"Succeeds as both a graphic primer and a philosophical meditation."
--Kirkus Reviews (starred review)
Trinity, the debut graphic book by Jonathan Fetter-Vorm, depicts the
dramatic history of the race to build and the decision to drop the first
atomic bomb in World War Two.
This sweeping historical narrative traces the spark of invention from
the laboratories of nineteenth-century Europe to the massive industrial
and scientific efforts of the Manhattan Project, and even transports the
reader into a nuclear reaction--into the splitting atoms themselves.
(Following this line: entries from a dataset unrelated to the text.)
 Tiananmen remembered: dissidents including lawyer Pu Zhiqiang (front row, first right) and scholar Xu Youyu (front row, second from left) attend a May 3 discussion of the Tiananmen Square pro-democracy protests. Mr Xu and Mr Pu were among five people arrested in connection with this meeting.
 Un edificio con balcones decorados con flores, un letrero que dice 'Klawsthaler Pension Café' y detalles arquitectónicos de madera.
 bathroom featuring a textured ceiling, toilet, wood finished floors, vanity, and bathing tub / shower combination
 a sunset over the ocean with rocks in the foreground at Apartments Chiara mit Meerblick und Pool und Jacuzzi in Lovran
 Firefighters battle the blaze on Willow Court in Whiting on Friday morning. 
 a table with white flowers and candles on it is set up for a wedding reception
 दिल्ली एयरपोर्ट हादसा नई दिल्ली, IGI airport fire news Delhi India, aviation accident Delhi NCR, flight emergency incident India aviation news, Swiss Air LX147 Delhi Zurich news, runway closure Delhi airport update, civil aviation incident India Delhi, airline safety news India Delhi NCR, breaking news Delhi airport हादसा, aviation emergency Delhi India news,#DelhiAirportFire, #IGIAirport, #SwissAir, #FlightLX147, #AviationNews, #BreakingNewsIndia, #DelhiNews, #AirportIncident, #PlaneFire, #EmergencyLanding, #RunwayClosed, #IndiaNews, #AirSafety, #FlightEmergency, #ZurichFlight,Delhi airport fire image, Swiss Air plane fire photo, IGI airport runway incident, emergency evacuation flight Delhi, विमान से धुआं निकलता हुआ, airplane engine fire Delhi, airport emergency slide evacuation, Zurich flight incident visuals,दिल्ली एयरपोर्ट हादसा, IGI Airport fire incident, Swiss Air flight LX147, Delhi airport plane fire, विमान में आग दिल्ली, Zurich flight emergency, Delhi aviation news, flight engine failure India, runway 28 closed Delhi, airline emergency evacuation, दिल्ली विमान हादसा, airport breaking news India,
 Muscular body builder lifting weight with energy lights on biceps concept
The power of the atom was harnessed in a top-secret government compound
in Los Alamos, New Mexico, by a group of brilliant scientists led by the
enigmatic wunderkind J. Robert Oppenheimer. Focused from the start on
the monumentally difficult task of building an atomic weapon, these men
and women soon began to wrestle with the moral implications of actually
succeeding. When they detonated the first bomb at a test site code-named
Trinity, they recognized that they had irreversibly thrust the world
into a new and terrifying age.
With powerful renderings of WWII's catastrophic events at Hiroshima and
Nagasaki, Fetter-Vorm unflinchingly chronicles the far-reaching
political, environmental, and psychological effects of this new
invention. Informative and thought-provoking, Trinity is the ideal
introduction to one of the most significant events in history.